● **PROBLEM DETAILS**
Copy each line of the listing below exactly.

● **RECORDED DATA**
Content starts
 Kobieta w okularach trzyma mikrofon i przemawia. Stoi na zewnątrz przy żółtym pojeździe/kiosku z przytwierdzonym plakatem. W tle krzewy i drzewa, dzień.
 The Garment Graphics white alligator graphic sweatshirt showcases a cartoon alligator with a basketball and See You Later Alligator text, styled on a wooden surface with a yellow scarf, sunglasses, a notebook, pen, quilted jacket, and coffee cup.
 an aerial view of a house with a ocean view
Content ends
● **FINAL ANSWER**
 Kobieta w okularach trzyma mikrofon i przemawia. Stoi na zewnątrz przy żółtym pojeździe/kiosku z przytwierdzonym plakatem. W tle krzewy i drzewa, dzień.
 The Garment Graphics white alligator graphic sweatshirt showcases a cartoon alligator with a basketball and See You Later Alligator text, styled on a wooden surface with a yellow scarf, sunglasses, a notebook, pen, quilted jacket, and coffee cup.
 an aerial view of a house with a ocean view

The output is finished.